**Problem to solve**
Every entry below should be repeated exactly; the pictures should not.

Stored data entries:
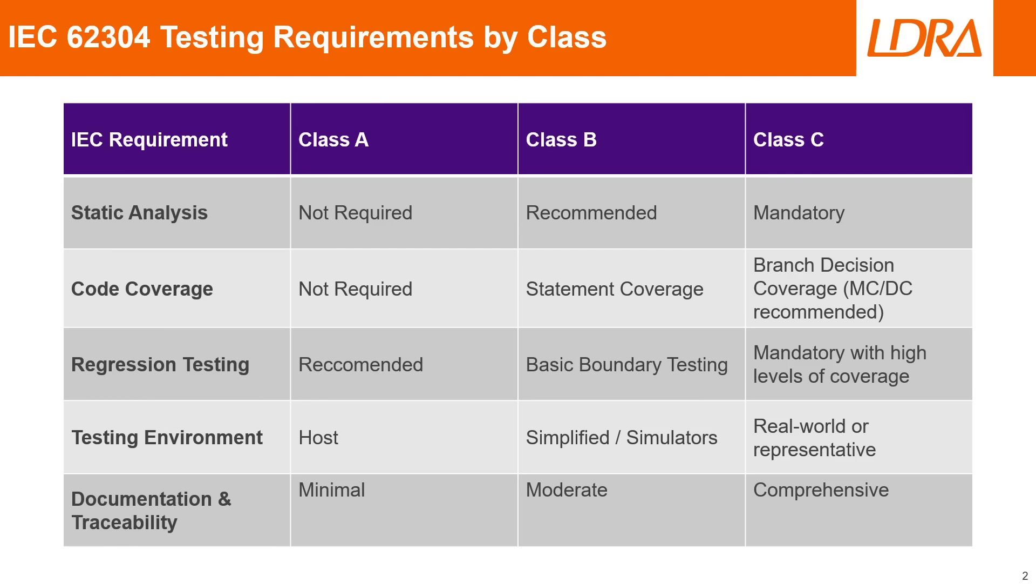For our testing environment, in class A it's fine to just run your tests on the host machine, and for class B you can run your tests on a simplified environment or a simulator, whereas for class C you'll be required to run on a real world or representative environment, also known as an embedded testing board.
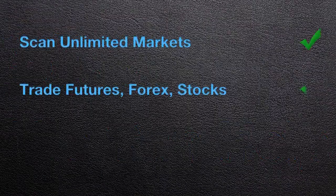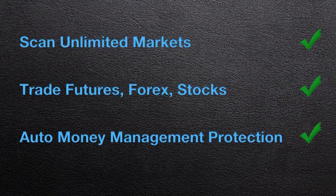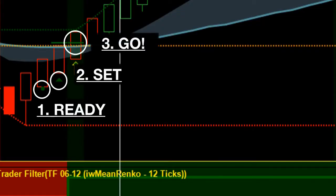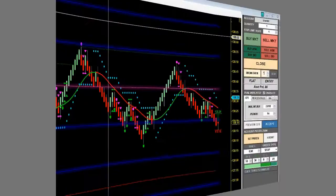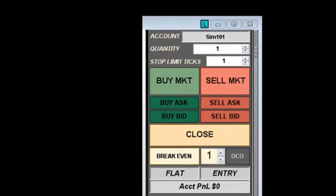At Indicator Warehouse, we make it easy to scan hundreds of markets to find the best trading opportunities. Our signal generators pinpoint the most accurate signals with visual and audible alerts.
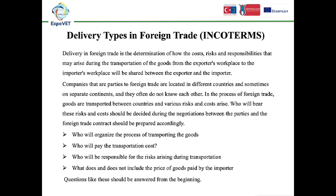Secondly, we will talk about delivery types in foreign trade, in other words, in Incoterms rules. Delivery in foreign trade is the determination of how the costs, risks, and responsibilities that may arise during the transportation of goods from the exporter's workplace to the importer's workplace will be shared between the exporter and the importer.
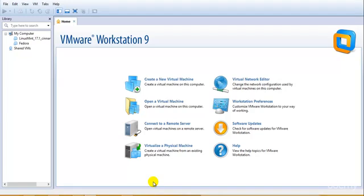Welcome to the next tutorial of ethical hacking and penetration testing via Kali Linux. In this tutorial we will be learning about the installation and configuration of Kali Linux, what ethical hacking actually is and why it's called ethical, and what the different types of attacks are and how we could prevent them.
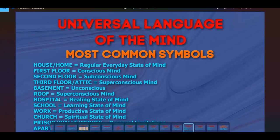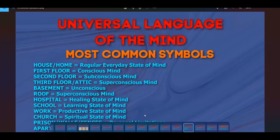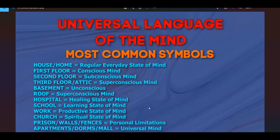Other place symbols: hospital = a healing state of mind; school = a learning state of mind; work = a productive state of mind; church = a spiritual state of mind. Prison walls and fences represent limitations. Fences are weaker limitations — personal limitations — which are beliefs that limit your possibilities, since by the universal law of infinity, anything is possible.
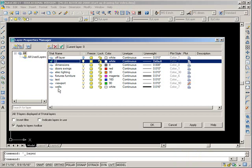So you would set up your walls layer with the 016 line weight. We would set up a viewport layer to put our viewports on and we would click that little printer so that it never plots.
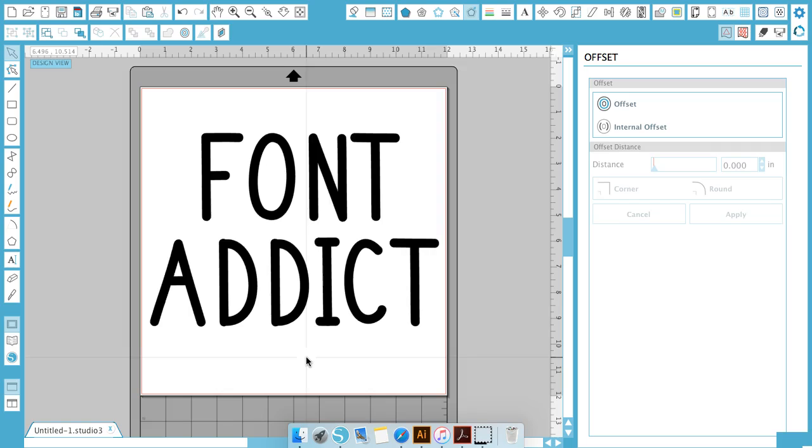Okay guys, I hope this explained downloading fonts and using them. If you have any questions, please post them in the comments below.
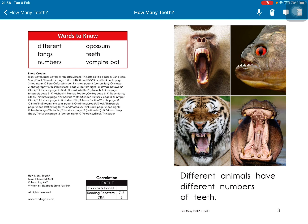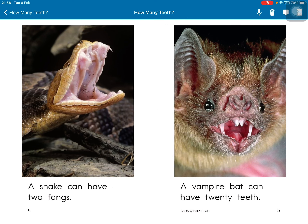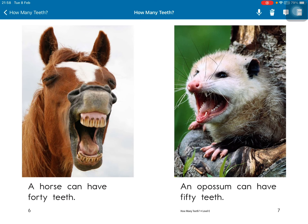Different animals have different numbers of teeth. A snake can have two fangs. A vampire bat can have 20 teeth. A horse can have 40 teeth. An opossum can have 50 teeth.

**Exercise solution**
For our testing environment, in class A it's fine to just run your tests on the host machine, and for class B you can run your tests on a simplified environment or a simulator, whereas for class C you'll be required to run on a real world or representative environment, also known as an embedded testing board.
At Indicator Warehouse, we make it easy to scan hundreds of markets to find the best trading opportunities. Our signal generators pinpoint the most accurate signals with visual and audible alerts.
Secondly, we will talk about delivery types in foreign trade, in other words, in Incoterms rules. Delivery in foreign trade is the determination of how the costs, risks, and responsibilities that may arise during the transportation of goods from the exporter's workplace to the importer's workplace will be shared between the exporter and the importer.
Welcome to the next tutorial of ethical hacking and penetration testing via Kali Linux. In this tutorial we will be learning about the installation and configuration of Kali Linux, what ethical hacking actually is and why it's called ethical, and what the different types of attacks are and how we could prevent them.
Other place symbols: hospital = a healing state of mind; school = a learning state of mind; work = a productive state of mind; church = a spiritual state of mind. Prison walls and fences represent limitations. Fences are weaker limitations — personal limitations — which are beliefs that limit your possibilities, since by the universal law of infinity, anything is possible.
So you would set up your walls layer with the 016 line weight. We would set up a viewport layer to put our viewports on and we would click that little printer so that it never plots.
Okay guys, I hope this explained downloading fonts and using them. If you have any questions, please post them in the comments below.
Different animals have different numbers of teeth. A snake can have two fangs. A vampire bat can have 20 teeth. A horse can have 40 teeth. An opossum can have 50 teeth.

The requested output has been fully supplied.